Response to Collinson et al. Comment
Miriam Belmonte and Nina F. Øbro have equal contribution.
The authors declare no relevant conflicts of interest.
In response to our recent paper which identified GRO-α, EGF and Eotaxin as potential biomarkers in chronic phase myeloproliferative neoplasms,1 Collinson et al explored one of the possible cellular sources of these molecules by measuring levels of transcripts produced (and stored) within platelet granules.2 Mutant megakaryocytes and platelets have been previously implicated in MPN pathogenesis, including in the fibrotic processes which is associated with poor prognosis.3, 4 In line with our data, high EGF transcript levels were observed in platelets from essential thrombocythemia (ET) and polycythemia vera (PV) patients. On the other hand, GRO-α transcript levels in platelets were highest in myelofibrosis (MF) patients whereas our study reported that high GRO-α was present in chronic phase patients who eventually transformed to MF in samples taken prior to treatment initiation. Assuming that the Collinson et al. samples were also collected prior to treatment, there are several possible explanations for this discrepancy. First, it could be due to transcript levels not mirroring protein levels, as has been described previously in hematopoietic cells.5 Second, while the relative amounts of transcript might be highest in platelets, it is possible that the bulk of GRO-α is produced by other cell types, thereby minimizing the impact of relative changes in one cellular fraction. Finally, as suggested by the authors, platelet “exhaustion” or failed production in MF patients could contribute to differences. Irrespective of the underlying reason, the Collinson et al report emphasizes the importance of characterizing the sources of GRO-α in order to identify the arbiters of the inflammatory cytokine phenotype observed in numerous MPNs. Antibody stains in tissue sections, spatial transcriptomic analysis,6 or further proteomic profiling might help resolve the cellular drivers of disease.

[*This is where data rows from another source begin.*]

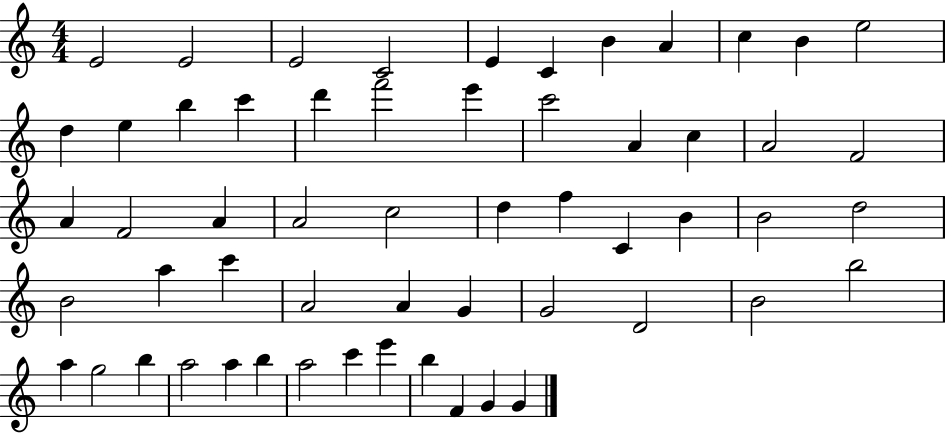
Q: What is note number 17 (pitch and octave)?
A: F6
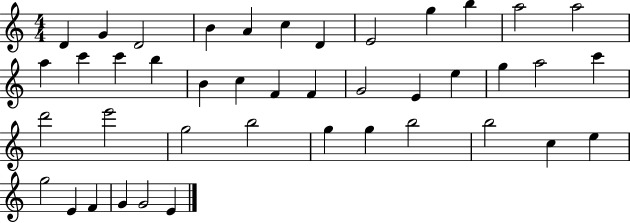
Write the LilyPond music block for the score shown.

{
  \clef treble
  \numericTimeSignature
  \time 4/4
  \key c \major
  d'4 g'4 d'2 | b'4 a'4 c''4 d'4 | e'2 g''4 b''4 | a''2 a''2 | \break a''4 c'''4 c'''4 b''4 | b'4 c''4 f'4 f'4 | g'2 e'4 e''4 | g''4 a''2 c'''4 | \break d'''2 e'''2 | g''2 b''2 | g''4 g''4 b''2 | b''2 c''4 e''4 | \break g''2 e'4 f'4 | g'4 g'2 e'4 | \bar "|."
}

Overall, this study extends our examination of the cellular drivers responsible for different cytokine levels across MPN subtypes, surveying platelets as a potential mediator of these differences. It is exciting to see additional research in this space which reaches beyond the simple identification of potential biomarkers to try and understand the cellular sources of disease modulators. Such studies could reveal distinct mechanisms of pathogenesis across different disease subtypes or throughout disease progression. It is already clear that cytokines are diverse across patients and there is accumulating evidence that they clarify some aspects of the disease heterogeneity that cannot be explained by genetic mutations alone.